* Records *
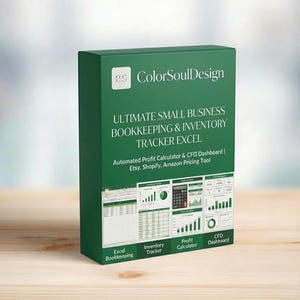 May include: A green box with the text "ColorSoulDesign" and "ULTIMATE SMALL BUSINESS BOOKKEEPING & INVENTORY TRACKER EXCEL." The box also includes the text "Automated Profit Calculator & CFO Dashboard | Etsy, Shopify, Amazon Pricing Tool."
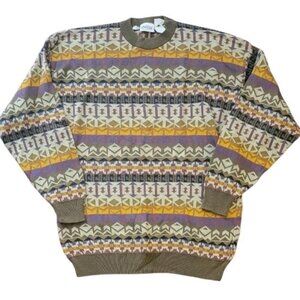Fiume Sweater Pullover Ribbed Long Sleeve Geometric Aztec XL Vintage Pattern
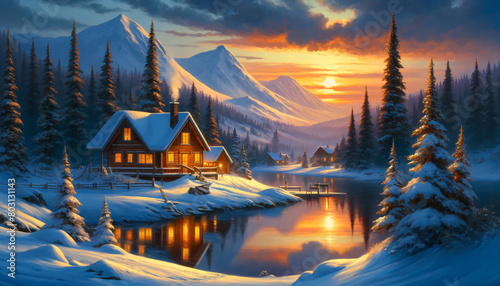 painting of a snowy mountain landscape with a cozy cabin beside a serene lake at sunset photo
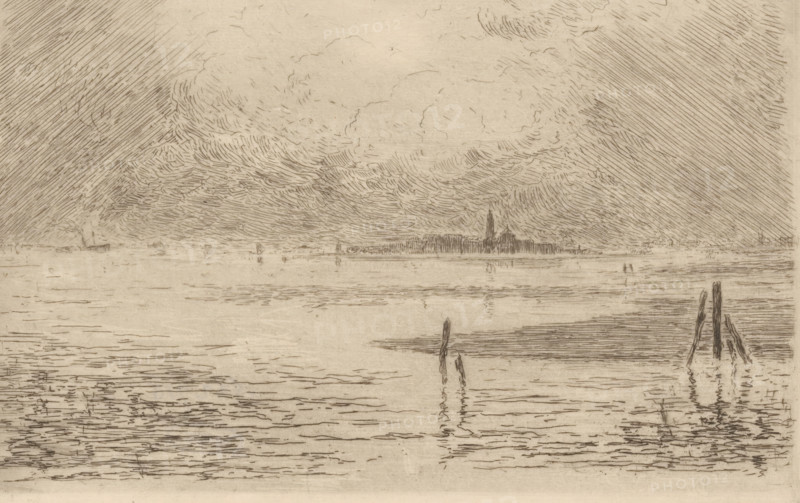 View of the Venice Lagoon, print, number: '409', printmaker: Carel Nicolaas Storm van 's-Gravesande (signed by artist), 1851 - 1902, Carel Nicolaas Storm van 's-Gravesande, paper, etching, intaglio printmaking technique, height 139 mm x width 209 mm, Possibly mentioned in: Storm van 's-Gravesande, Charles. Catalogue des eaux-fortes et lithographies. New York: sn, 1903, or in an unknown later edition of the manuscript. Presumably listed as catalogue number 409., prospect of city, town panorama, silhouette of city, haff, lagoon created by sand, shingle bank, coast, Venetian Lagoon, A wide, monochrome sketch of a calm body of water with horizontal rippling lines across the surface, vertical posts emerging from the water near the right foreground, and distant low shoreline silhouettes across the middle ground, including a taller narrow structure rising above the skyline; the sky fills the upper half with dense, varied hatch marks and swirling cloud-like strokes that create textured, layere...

* * *

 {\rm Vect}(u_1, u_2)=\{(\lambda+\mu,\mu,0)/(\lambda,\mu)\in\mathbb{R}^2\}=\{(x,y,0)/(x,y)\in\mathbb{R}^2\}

* Work to be completed *
Leaving out each picture, repeat exactly the lines above from the one that contains "May include: A" through the one that contains "View of the".

* Solution for this task *
 May include: A green box with the text "ColorSoulDesign" and "ULTIMATE SMALL BUSINESS BOOKKEEPING & INVENTORY TRACKER EXCEL." The box also includes the text "Automated Profit Calculator & CFO Dashboard | Etsy, Shopify, Amazon Pricing Tool."
Fiume Sweater Pullover Ribbed Long Sleeve Geometric Aztec XL Vintage Pattern
 painting of a snowy mountain landscape with a cozy cabin beside a serene lake at sunset photo
 View of the Venice Lagoon, print, number: '409', printmaker: Carel Nicolaas Storm van 's-Gravesande (signed by artist), 1851 - 1902, Carel Nicolaas Storm van 's-Gravesande, paper, etching, intaglio printmaking technique, height 139 mm x width 209 mm, Possibly mentioned in: Storm van 's-Gravesande, Charles. Catalogue des eaux-fortes et lithographies. New York: sn, 1903, or in an unknown later edition of the manuscript. Presumably listed as catalogue number 409., prospect of city, town panorama, silhouette of city, haff, lagoon created by sand, shingle bank, coast, Venetian Lagoon, A wide, monochrome sketch of a calm body of water with horizontal rippling lines across the surface, vertical posts emerging from the water near the right foreground, and distant low shoreline silhouettes across the middle ground, including a taller narrow structure rising above the skyline; the sky fills the upper half with dense, varied hatch marks and swirling cloud-like strokes that create textured, layere...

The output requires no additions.